Dynamic electrical and mechanical properties of epoxy/silver nanowires composites

Abstract

The aim of this work is to study electrically conductive composites from an epoxy matrix loaded with silver nanowires (AgNWs). Dynamic mechanical analysis (DMA) and dynamic dielectric spectroscopy (DDS) were used to study the molecular mobility of the epoxy matrix and its epoxy/AgNWs composites. The influence of the epoxy/amine ratio on the macroscopic properties was analyzed. The loss modulus of the epoxy matrix highlights two major relaxations, β and α. The β relaxation is due to the localized mobility initiated by hydroxyl groups. The α trelaxation is the anelastic effect liberated at the glass transition. The introduction of a small amount of AgNWs (<8 vol%) has practically no influence on the mechanical properties of the glassy state. For the rubbery state, AgNWs cause an increase in the storage modulus as a function of the filler content. The loss modulus profile is modified: The ω relaxation due to heterogeneities of the 3D network is observed independently from the hydration level of composites. The magnitude of the α mode is increased due to the stick– slip phenomenon. Moreover, it is shifted toward lower temperatures upon the introduction of AgNWs.

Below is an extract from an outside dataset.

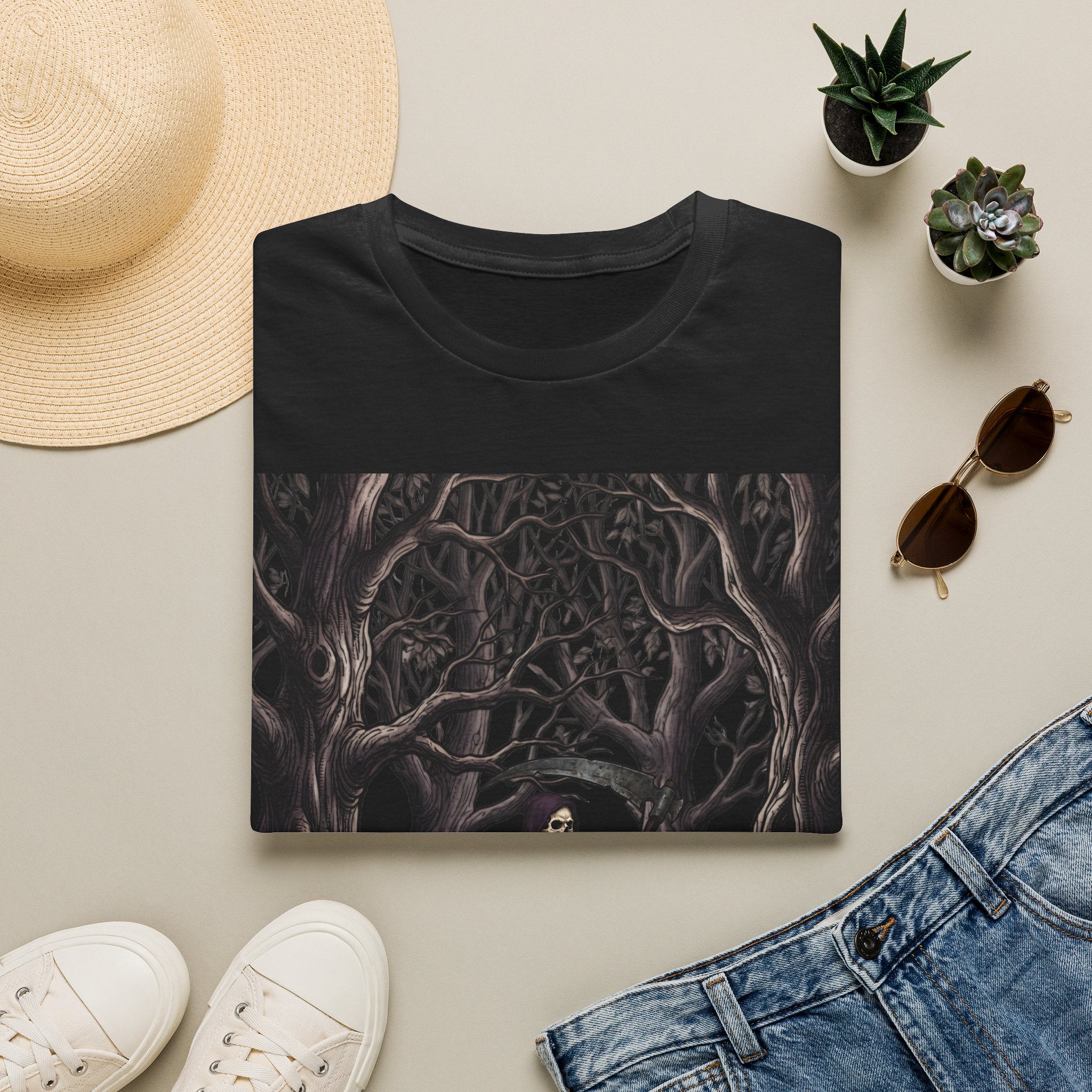 Roam the Woods - T-Shirt, Gothic / Dark Fantasy Grim Reaper Design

In other words, the activation enthalpy decreases for both modes. Electrical study through DDS and conductivity measurement of epoxy/AgNWs composites shows the consequence of a lower relative degree of conversion caused by the insertion of AgNWs. Epoxy/AgNWs composites allow us to obtain one of the highest values of the electrical conductivity for polymerbased composites without any drastic evolution of mechanical properties.